Task directions —
Once the line containing "Shinryaku! Ika Musume Vol.20 Ch.379" is found in the data below, repeat it and every later line exactly, leaving the pictures out.

══ Data below

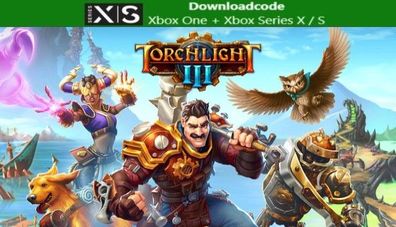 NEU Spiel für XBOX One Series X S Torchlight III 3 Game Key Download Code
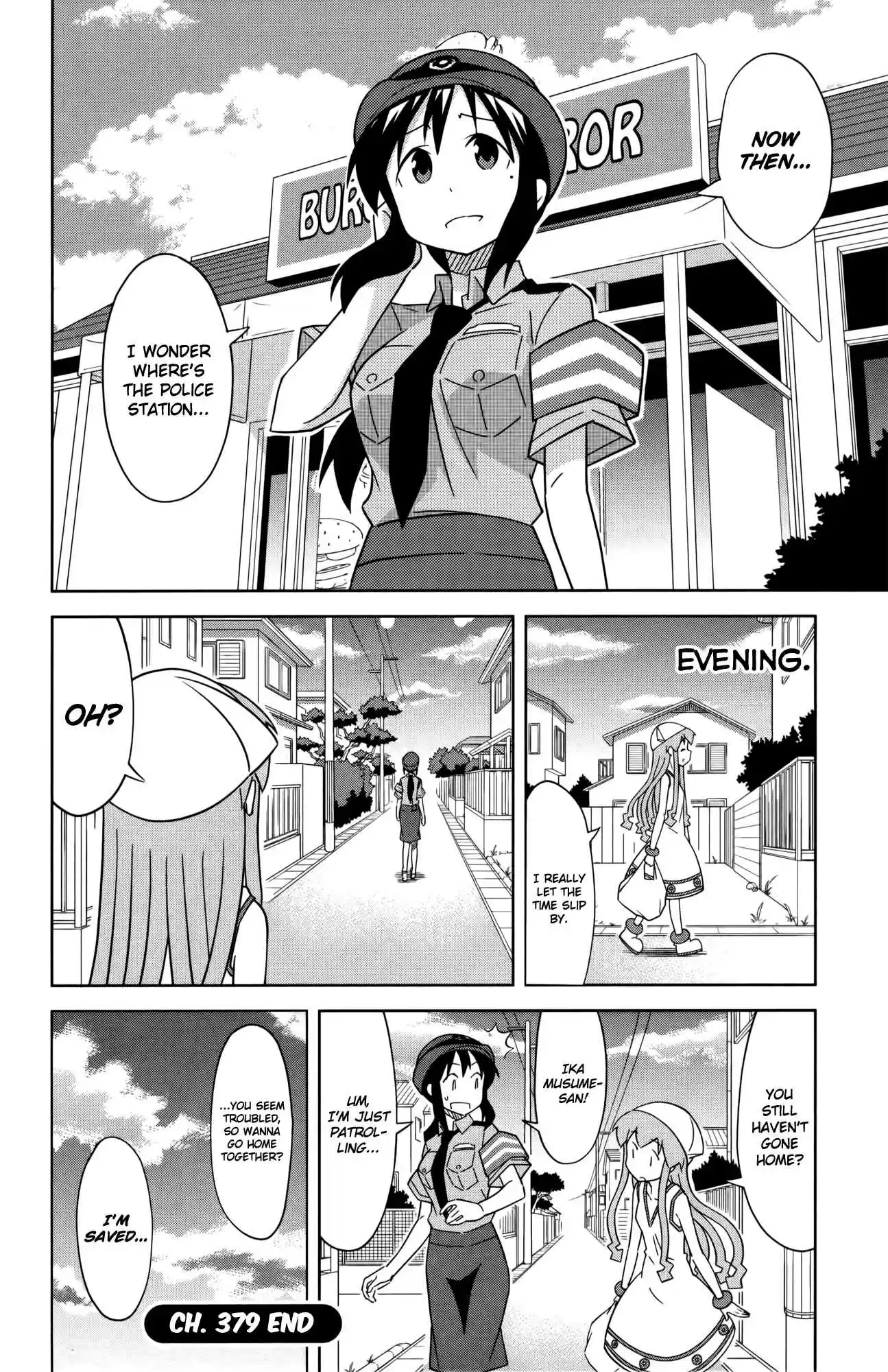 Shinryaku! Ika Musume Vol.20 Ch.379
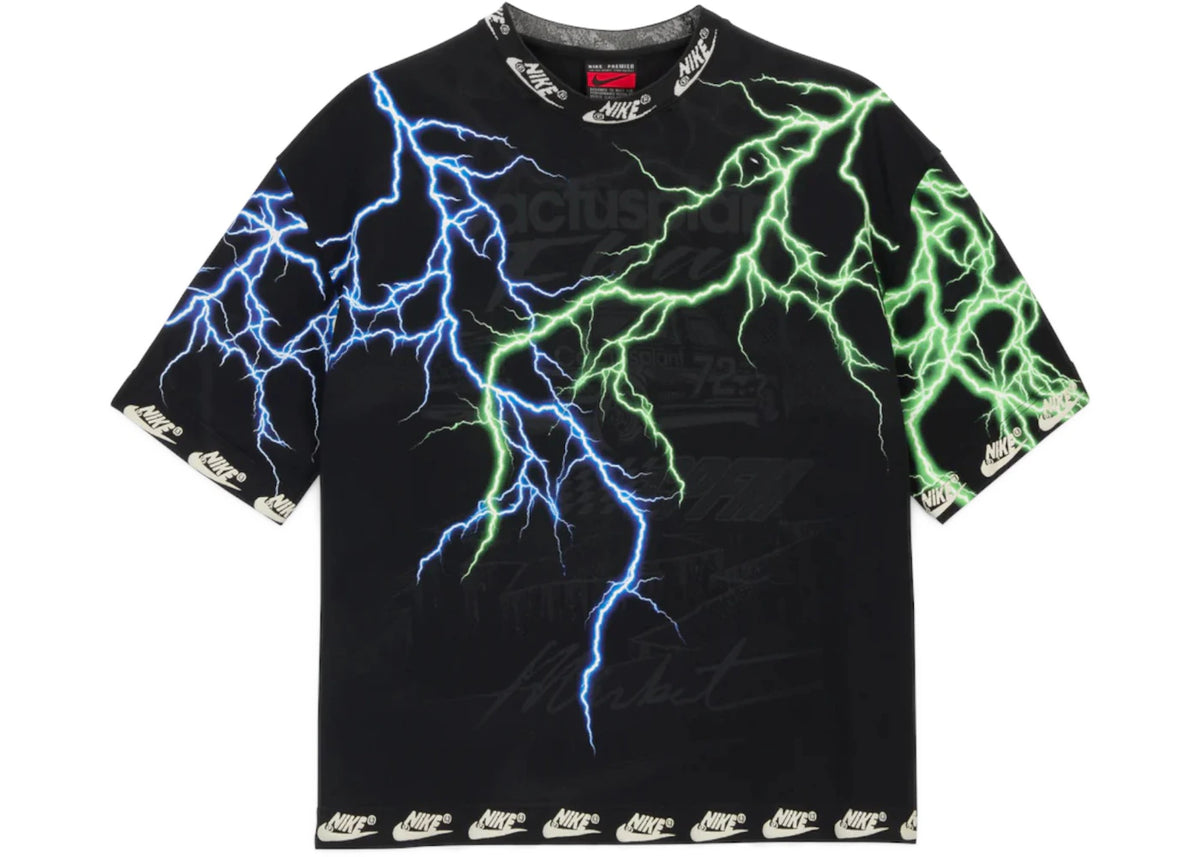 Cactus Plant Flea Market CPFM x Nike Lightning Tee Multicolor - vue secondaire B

════

Task response —
 Shinryaku! Ika Musume Vol.20 Ch.379
 Cactus Plant Flea Market CPFM x Nike Lightning Tee Multicolor - vue secondaire B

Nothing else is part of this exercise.